O conluio entre plataformas e grupos extremistas
- Grupos políticos, especialmente da extrema direita, encontraram nas redes sociais um território fértil para crescer, longe da mídia tradicional. Em troca da visibilidade e alcance oferecidos pelas plataformas, esses grupos defendem a não regulamentação das redes, com o argumento da liberdade de expressão. Na prática, isso significa liberdade para propagar discursos de ódio, fake news e ataques a instituições.
- +Esse conluio entre interesses econômicos das plataformas e objetivos políticos de grupos radicais gera o que Santini chama de “tempestade perfeita”: desinformação, manipulação e caos, sem qualquer responsabilização legal.
O que pode ser feito: Três frentes de combate
A solução não é individual — Não basta ensinar usuários a identificar fake news. É preciso responsabilizar as plataformas e mudar o modelo de comunicação digital que hoje prioriza atenção, engajamento e lucro, em detrimento da verdade e da diversidade. A pesquisadora propõe ações em três dimensões:
1.
Cultural: Combater a naturalização do caos informacional e da confiança cega na tecnologia.
2.
Econômica: Mobilizar setores que percebam o dano da desinformação aos seus próprios negócios.
3.
Política: Regulamentar plataformas, garantir transparência nos algoritmos e aplicar leis que já existem.
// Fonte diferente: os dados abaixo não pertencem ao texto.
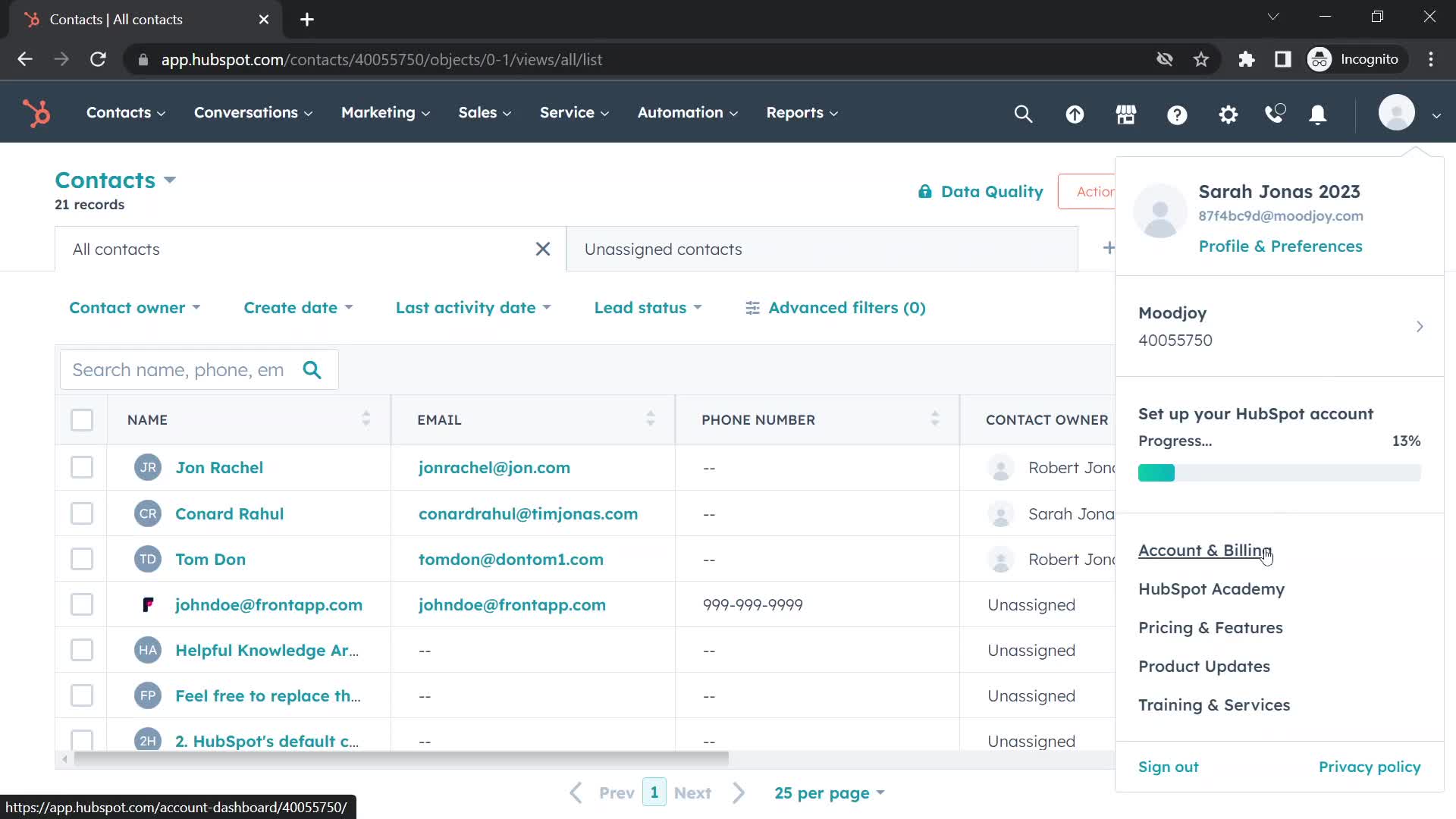 Screenshot of Account menu on Upgrading your account on HubSpot CRM user flow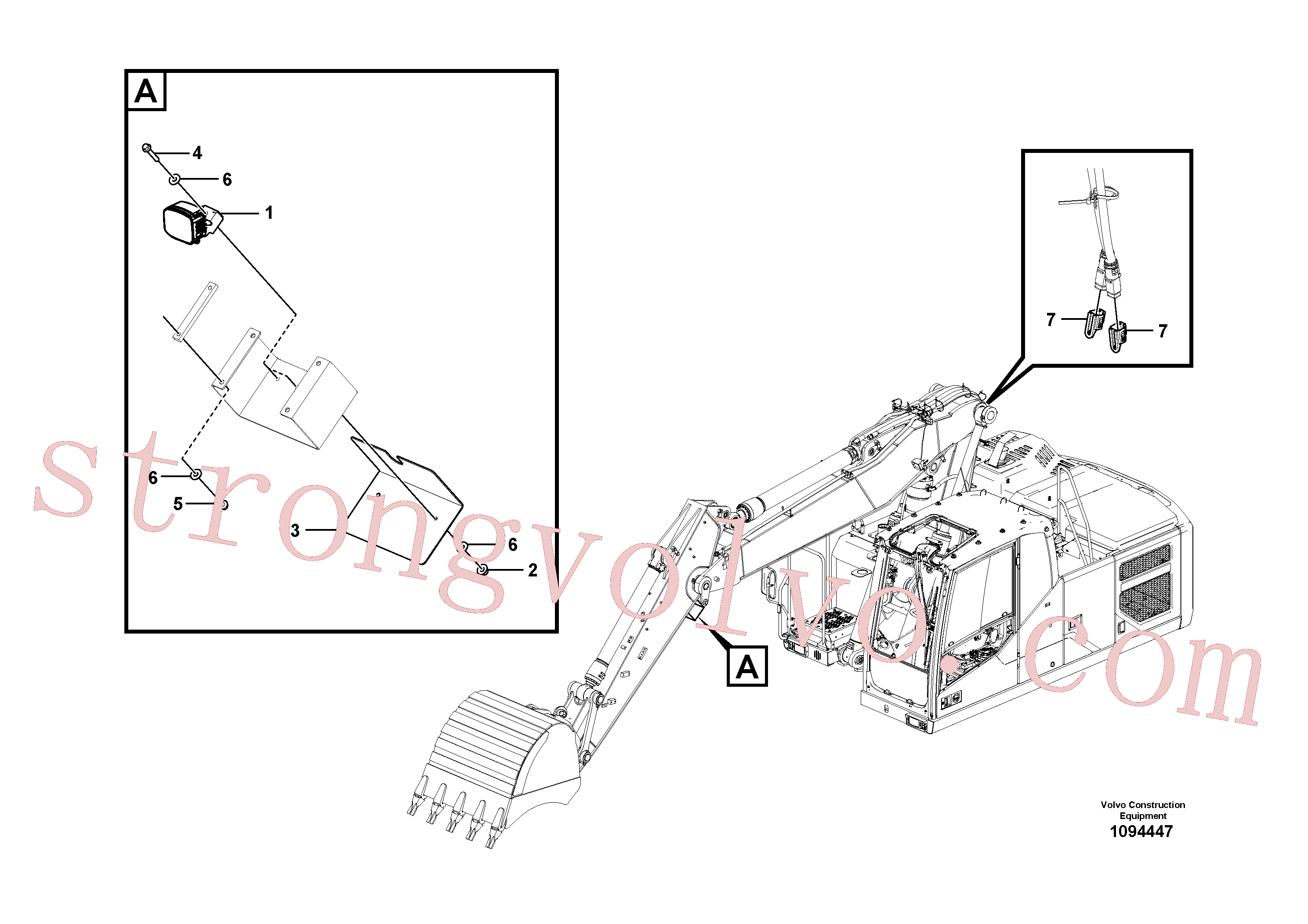 VOE60113258 Volvo Luzes de trabalho, extra(1094447 Montagem)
Os algoritmos deixaram de ser apenas ferramentas técnicas e se tornaram atores sociais e políticos, capazes de influenciar decisões, comportamentos e democracias inteiras. Se não forem compreendidos, fiscalizados e regulamentados, continuarão alimentando um ecossistema digital dominado pelo lucro, pela desinformação e pela desigualdade. Precisamos urgentemente repensar o modelo atual e buscar alternativas baseadas no interesse público, na diversidade e na transparência, antes que a sociedade perca totalmente o controle sobre o que vê, consome e acredita.